*** RECORDS PROVIDED ***

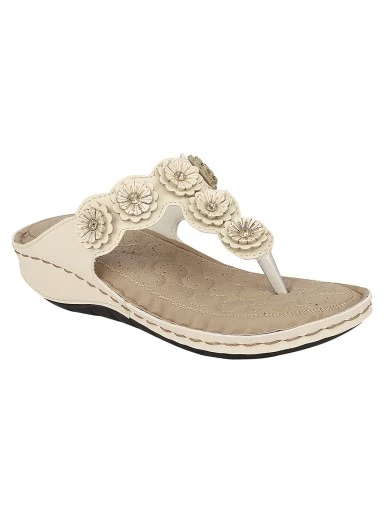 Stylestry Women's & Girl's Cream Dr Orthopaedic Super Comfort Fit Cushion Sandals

*** End of RECORDS PROVIDED ***
*** RECORDS PROVIDED ***

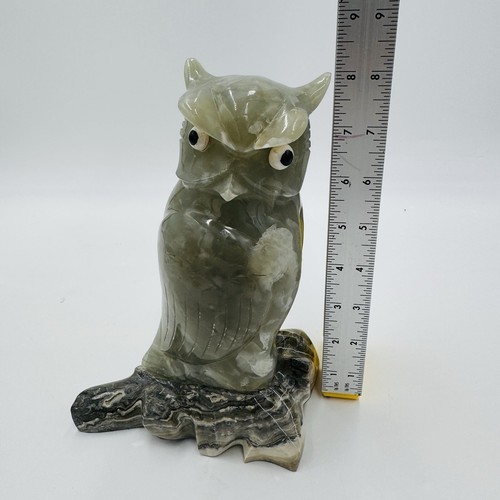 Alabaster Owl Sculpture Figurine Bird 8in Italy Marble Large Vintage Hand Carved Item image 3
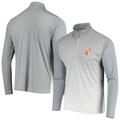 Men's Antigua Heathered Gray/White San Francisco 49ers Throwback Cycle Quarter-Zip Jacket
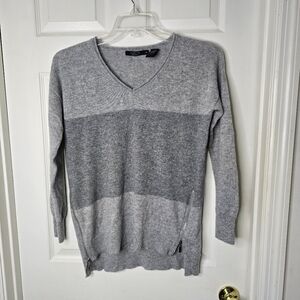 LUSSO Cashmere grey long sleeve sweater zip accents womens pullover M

*** End of RECORDS PROVIDED ***

**DIRECTIONS FOR THIS TASK:**
Going by the entries above, repeat exactly the lines that start at the line with "Men's Antigua Heathered" and go on through the line with "LUSSO Cashmere grey". Pictures are not part of the copy.

**TASK RESPONSE:**
 Men's Antigua Heathered Gray/White San Francisco 49ers Throwback Cycle Quarter-Zip Jacket
 LUSSO Cashmere grey long sleeve sweater zip accents womens pullover M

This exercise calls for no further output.